- **Working data**
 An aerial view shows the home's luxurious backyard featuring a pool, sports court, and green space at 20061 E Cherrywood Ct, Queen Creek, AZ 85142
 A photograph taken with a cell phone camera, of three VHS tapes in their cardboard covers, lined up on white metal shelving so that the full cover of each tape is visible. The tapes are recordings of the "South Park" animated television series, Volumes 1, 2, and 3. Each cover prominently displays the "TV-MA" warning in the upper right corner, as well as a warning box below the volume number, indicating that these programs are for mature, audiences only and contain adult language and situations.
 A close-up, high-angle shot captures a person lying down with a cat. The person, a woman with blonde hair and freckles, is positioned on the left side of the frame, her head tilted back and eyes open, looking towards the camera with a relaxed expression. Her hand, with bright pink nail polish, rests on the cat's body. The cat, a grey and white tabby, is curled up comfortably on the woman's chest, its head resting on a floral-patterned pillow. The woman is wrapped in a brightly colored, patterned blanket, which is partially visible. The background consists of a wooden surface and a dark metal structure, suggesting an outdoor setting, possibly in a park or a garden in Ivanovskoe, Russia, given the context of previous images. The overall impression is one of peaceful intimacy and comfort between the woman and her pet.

---

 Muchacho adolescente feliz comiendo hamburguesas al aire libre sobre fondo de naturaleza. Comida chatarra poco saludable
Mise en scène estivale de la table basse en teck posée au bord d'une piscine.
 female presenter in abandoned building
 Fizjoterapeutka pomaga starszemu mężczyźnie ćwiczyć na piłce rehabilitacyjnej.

- **Work task**
Scan the listing above, and wherever a line holds the string "camera", copy that line.

- **Your solution**
 A photograph taken with a cell phone camera, of three VHS tapes in their cardboard covers, lined up on white metal shelving so that the full cover of each tape is visible. The tapes are recordings of the "South Park" animated television series, Volumes 1, 2, and 3. Each cover prominently displays the "TV-MA" warning in the upper right corner, as well as a warning box below the volume number, indicating that these programs are for mature, audiences only and contain adult language and situations.
 A close-up, high-angle shot captures a person lying down with a cat. The person, a woman with blonde hair and freckles, is positioned on the left side of the frame, her head tilted back and eyes open, looking towards the camera with a relaxed expression. Her hand, with bright pink nail polish, rests on the cat's body. The cat, a grey and white tabby, is curled up comfortably on the woman's chest, its head resting on a floral-patterned pillow. The woman is wrapped in a brightly colored, patterned blanket, which is partially visible. The background consists of a wooden surface and a dark metal structure, suggesting an outdoor setting, possibly in a park or a garden in Ivanovskoe, Russia, given the context of previous images. The overall impression is one of peaceful intimacy and comfort between the woman and her pet.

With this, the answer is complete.